Vesna Pavlović Mounts Transparent Curtains at the Phillips Collection
As exhibition design goes, “Illuminated Archive”—a meditation on the history of exhibitions at the Phillips Collection—soars to new levels of eccentricity. Not only does it consist of just a handful of works by the Yugoslav-born artist Vesna Pavlović, but it’s been mounted in a stairwell. That’s right, a stairwell.
The exhibit, based on documentary materials from the Phillips’ archives, includes three manipulated photographic works that “explore the idea of transparency, both photographic and historic.” Each is mounted on a different floor as visitors descend the staircase. (Not while nude, one hopes, regardless of the “transparency” theme.)
The images succeed to varying degrees. The one featuring a ghostly, photographic-negative rendering of an exhibition of Albert Giacometti sculptures from 1962 is the least manipulated, but also the most dull.
More stimulating is a piece based on the 1962 exhibition of works by abstract expressionist Mark Tobey. The screenprint on Plexiglas shows a gently curved room, rendered hazily in benday dots—a wise choice for visual interest, though an odd one given that Tobey’s work tends to be more organic and less mechanical than the Pop artists who made the technique famous.
The final wall-mounted piece (above), based on a 1957 “Swiss peasant art” exhibition, is the most inventive. Over the indistinct image of the exhibit, Pavlović has layered a cracked, translucent surface that mimics gel containing tiny air bubbles.
At this point in my visit, seeing no sign of a “35-foot transparent curtain of digitally manipulated images,” I thought the exhibit wasn’t fully hung yet, and I left. I was wrong. As it turned out, the promised curtain was so subtle as to be almost invisible.
It hangs, in two parts, in the tall window that allows light into the stairwell. At first – and second – glance, it seems like an ordinary, functional window covering. Only upon closer inspection (or, perhaps, when one stumbles upon the inconspicuously placed wall card) does the curtain reveal a delicate pattern of light and shadow.
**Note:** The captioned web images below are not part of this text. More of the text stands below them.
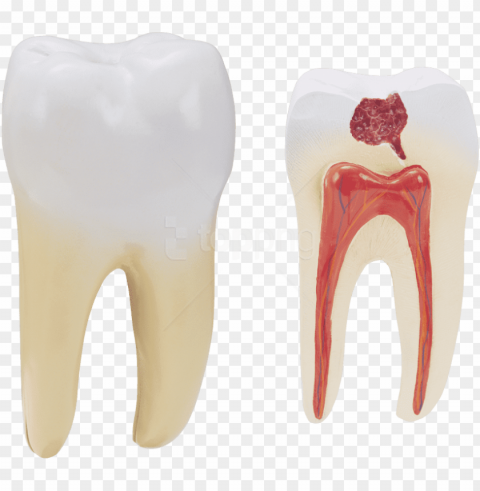 free download teeth images background images - human tooth High-resolution transparent PNG files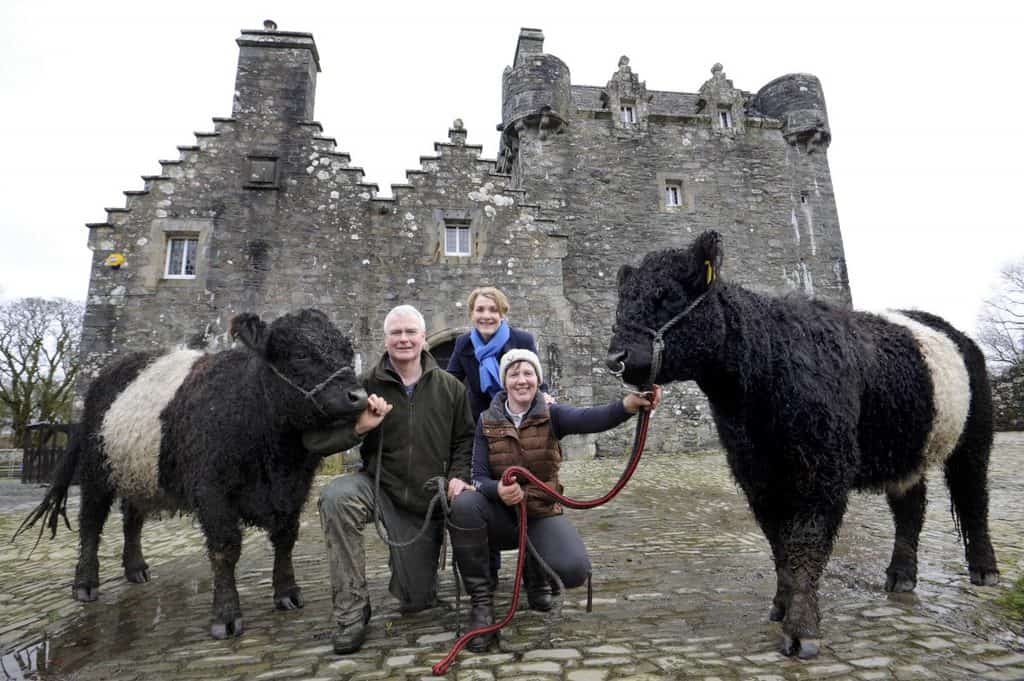 Belties Lead the Way as Dumfries & Galloway Looks Ahead to 2021 Royal Highland Show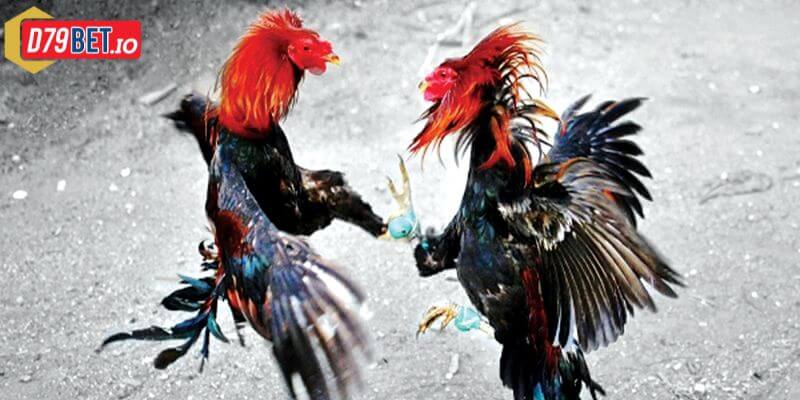 mẹo đá gà chọi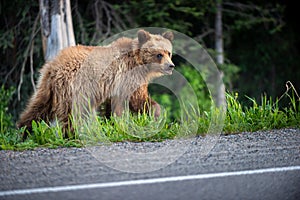 Brown Bear Cub looking into the camera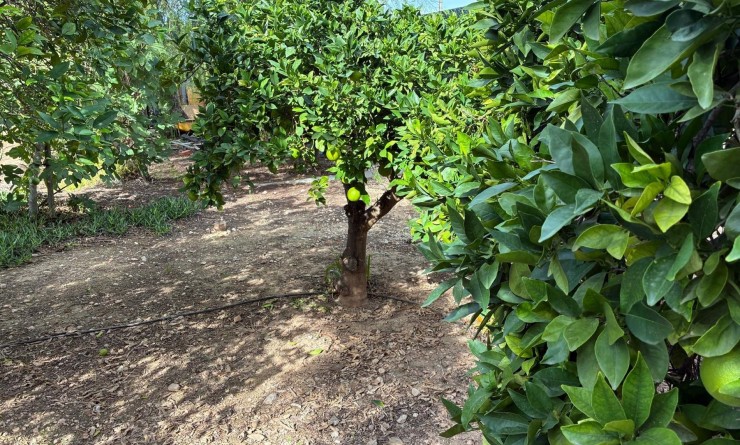 Sale - Detached villa - Crevillente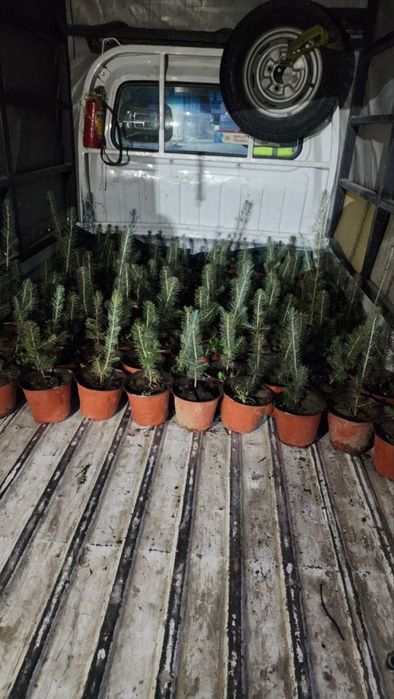 Голубой ель кўчатлари сотилади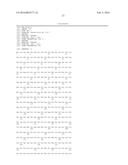 MODIFIED POLYMERASES FOR IMPROVED INCORPORATION OF NUCLEOTIDE ANALOGUES diagram and image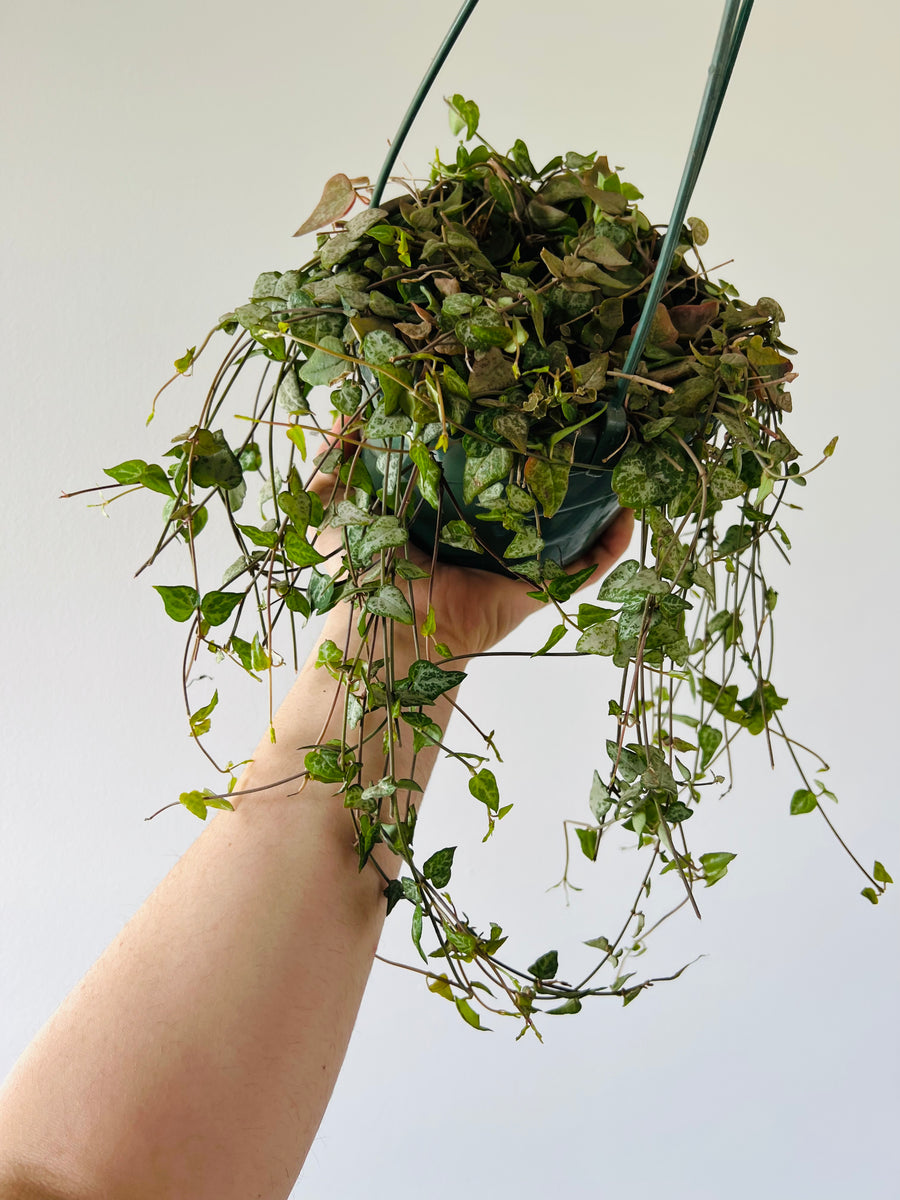 String of Arrows - Ceropegia Woodii - Very Full & Vining - 6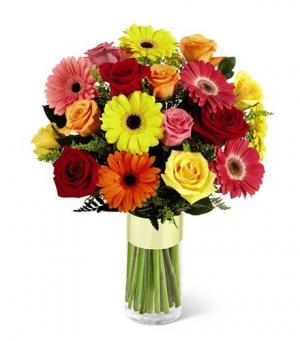 It's Your Day! Gerbera and Rose Arrangement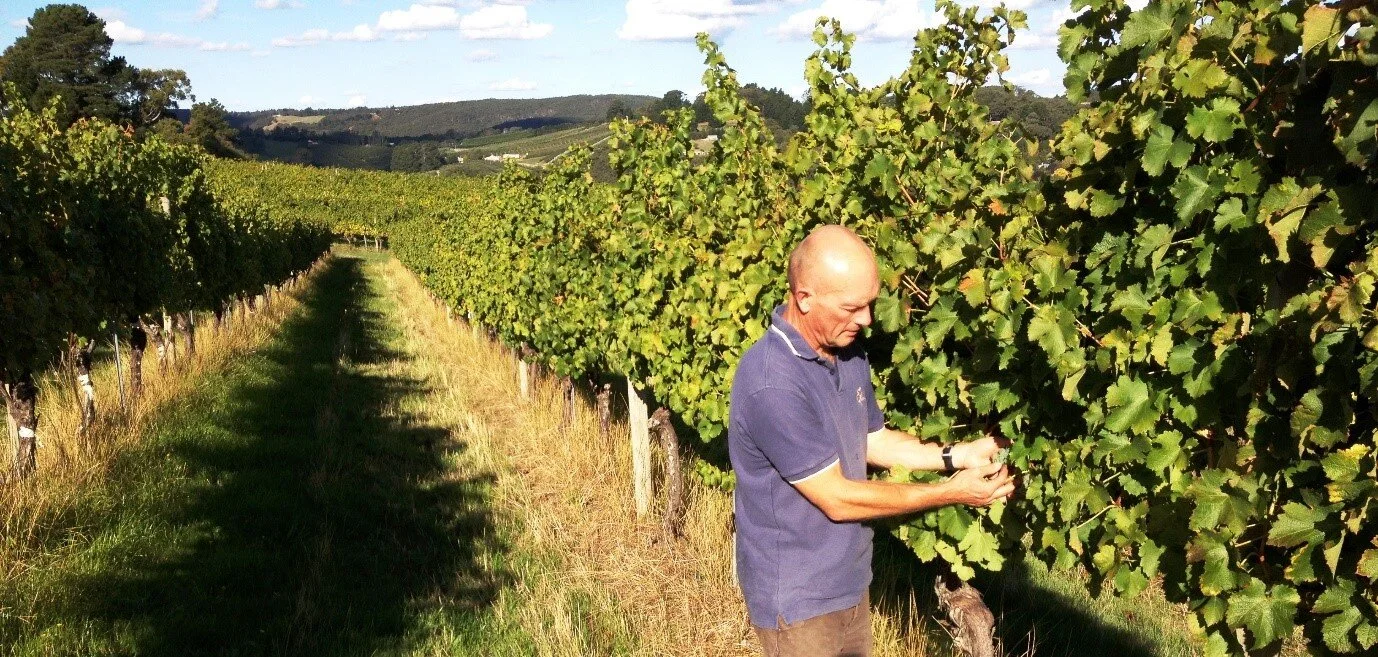 Michael in the vineyard.jpg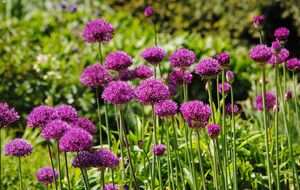 Allium 'Purple Sensation'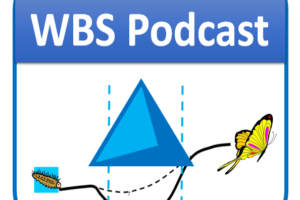 E8 – WBSPodcast.com – Strategy and Thriving in “The Storms of Chaos”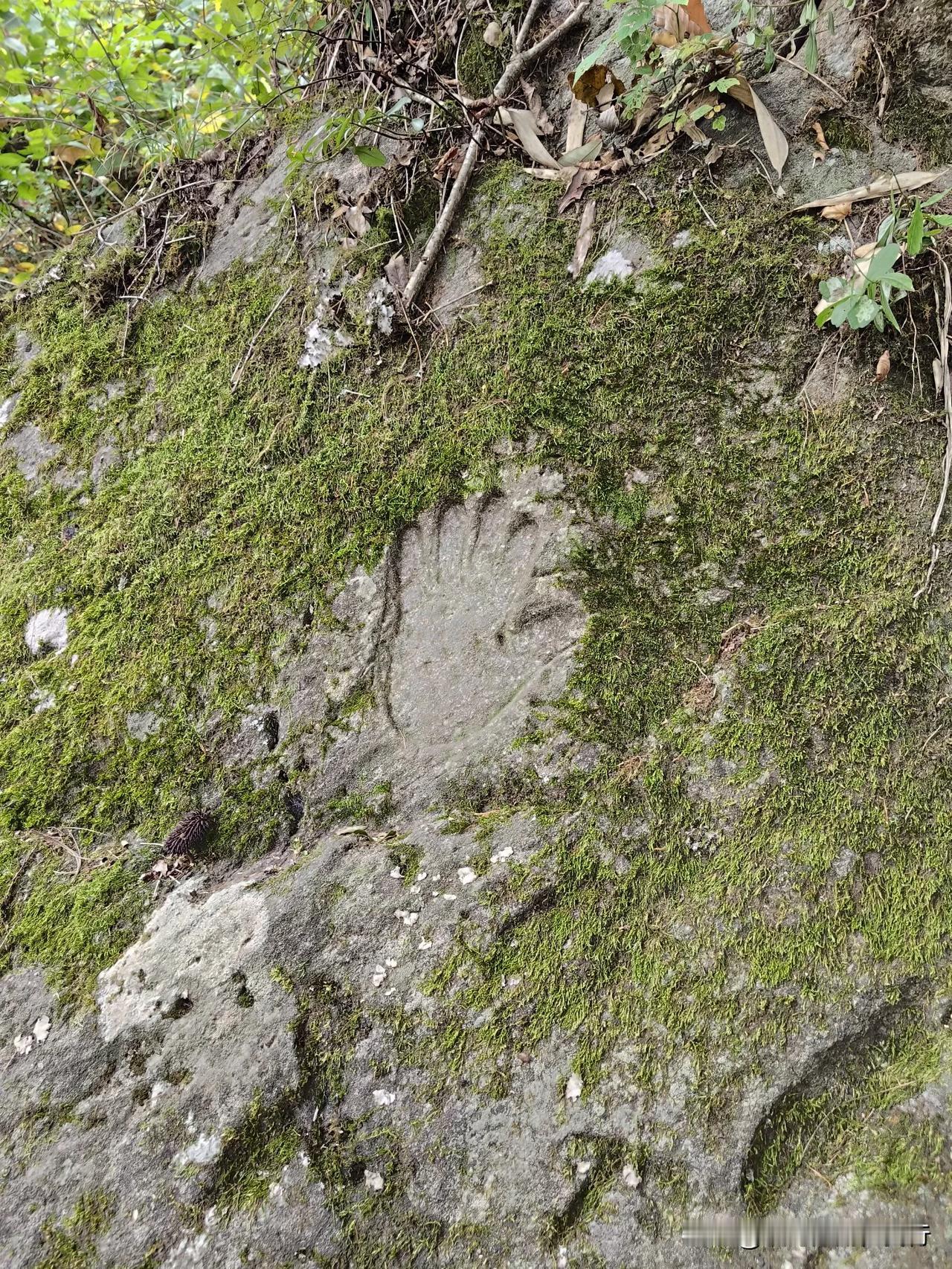 #秋日生活打卡季#时光

都说秋天的暮色飘洒着愁绪
黄昏的炊烟在屋顶不愿离去
消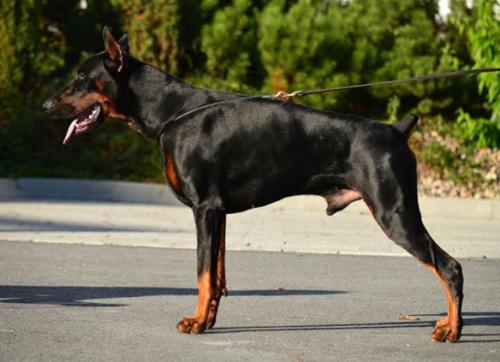 Tira Vento Rolls Royce | Black Doberman Pinscher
To its credit, the curtain’s printed patterns tend to clash with the actual patterns of light and shadow coming through the window, forcing careful viewers to decipher a playful visual riddle. Still, the ease with which the work can be overlooked suggests it’s closer to decoration than art. Unless it’s simply a 35-foot-tall postmodernist joke.
Through Sept. 28 at the Phillips Collection, 1600 21st St. NW. Tuesdays, Wednesdays, Fridays, and Saturdays 10 a.m. to 5 p.m., Thursdays 10 a.m. to 8:30 p.m., and Sundays 11 a.m. to 6 p.m.